U. S. S. DOWNES.        

Base Six,1             

27 February, 1918.

From :    Commanding Officer.

To   :    The Commander in Chief.

SUBJECT:  Hunting submarines in Irish Sea.

     1.   In accordance with your verbal order, there is herewith submitted for your consideration some suggestions in connection with hunting submarines in the Irish Sea, more particularly in Area 4.2

     The line between Kish and Holyhead is will [i.e., well] patrolled with trawlers, yachts, etc.

     The approaches to Liverpool between the Skerries and Isle of Man should be more completely covered. The trawlers, minesweepers, etc., in this area work more in an East and West line along Mersey #1 and Mersey #2, while shipping in entering and leaving does not follow so exactly these lands [i.e., lanes], especially by the time the meridian of the Skerries is reached. It therefore results that shipping not conforming strictly to the lanes is subject to an attack by a lurking submarine. Not only directly North of the Skerries, but the area to the Northward and Westward is not so well patrolled.

     Weather conditions are believed to exercise a great influence on the movements of the submarines. During rough weather the submarine will seek a lee in order to recharge, or to lie on the bottom. Such conditions he can find on the East coast of Ireland in the blight [i.e., bight] between Rockabill and Haulbowline and between Haulbowline and St. Johns. These areas should be well covered with trawlers, and especially drifters. The submarines could then be detected arriving or leaving. The destroyers should naturally cover this area as well.

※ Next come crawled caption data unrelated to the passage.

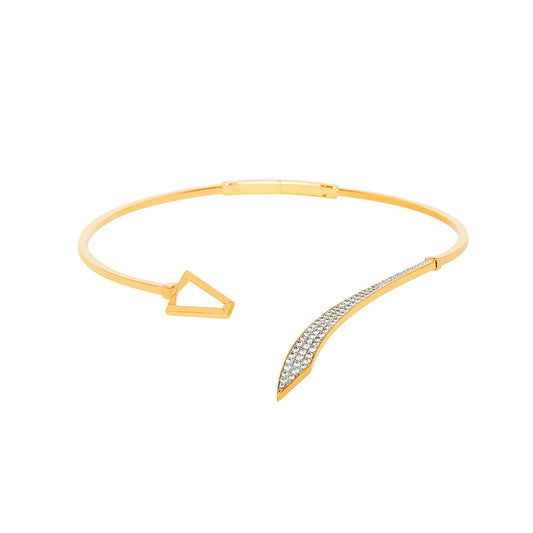 ROSIE GOLD è la collana rigida placcata in oro giallo e pavé di zirconi disegnata da Valentina Ferragni.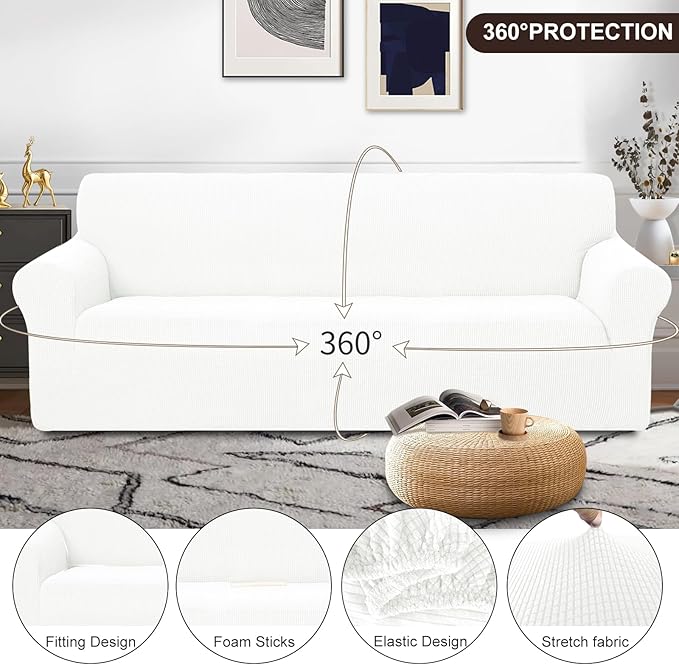 U-NICE HOME 4 Seater Stretch Couch Cover Sofa Cover Washable Sofa Slipcover Furniture Protector for 3 Cushion Couch Sofa Pet Friendly, Ivory White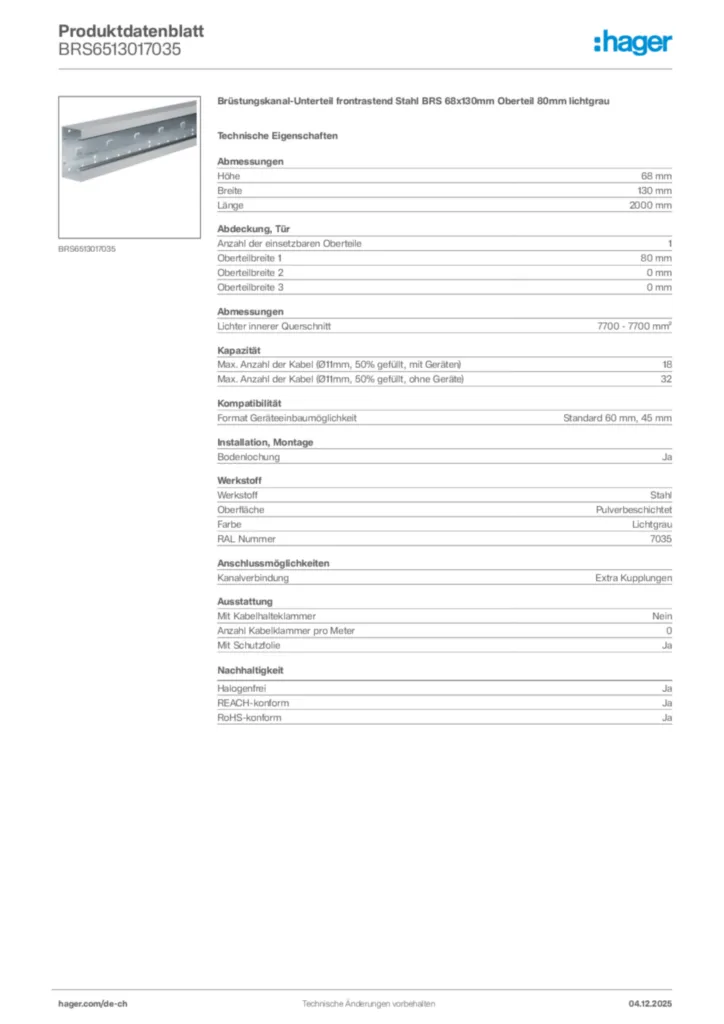 Bild Hager Produktdatenblatt BRS6513017035 | Hager Schweiz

     It is believed that the trawlers, drifters, etc., are much more efficient in licating [i.e., locating] the submarine than the destroyers can possibly be. It is a chance only when a destroyer sees a submarine; we are easily picked up and the submarine has ample time to dive and hide. The submarine is not so careful in hiding from a trawler or steamer. As a case in point a steamer spoken by the DOWNES at 1845 sent out an Allo at 1900. There can be no doubt that the submarine sighted the DOWNES and waited until we had resumed our patrol before appearing.

     The destroyer is the main force of attack, they have to [i.e., the] mobility and the armament, and a submarine o[n]ce sighted can be sever[e]ly handled. The chief problem is the definite lication of the submarine, so that depth charges may be dropped in place. Even after location within a limited area, the submarine has so many courses and sppeds [i.e., speeds] open to him that it is most difficult for one destroyer to cover the many possibility. For this reason the destroyers should be kept concentrated as much as possible, and when a submarine is located within a limited area, the boats can work together, giving a much greater chance of successful attack than the arit[h]metical increase in number of boats would indicate, because the greater number can much more quickly exhaust possible lines of retreat.

     The patrols already established are the main force of search, and as such should realize the great inportance of early information reaching the hunting destroyers. The Senior Naval Officers in Liverpool, Holyhead and Kingstown3 were all unofficially requested by me to so inform their patrols, which they most heartily agreed to do, so that such reports did come thru to us better the latter part of my stay. Perhaps an Official communication from the Commander in Chief might be a help,altho it is most desired not to intimate that the Senior Nav[a]l Officers were not willing to do all in the power, because the contrary is the case. In every instance they were most willing and courteous and officer offered aird and assistance far beyond our needs.

     Radio stations on shore, equipped with direction indicators, would be a great help. Every night are intercepted radio messages being exchanged between enemy submarines. A radio station is needed at Holyhead.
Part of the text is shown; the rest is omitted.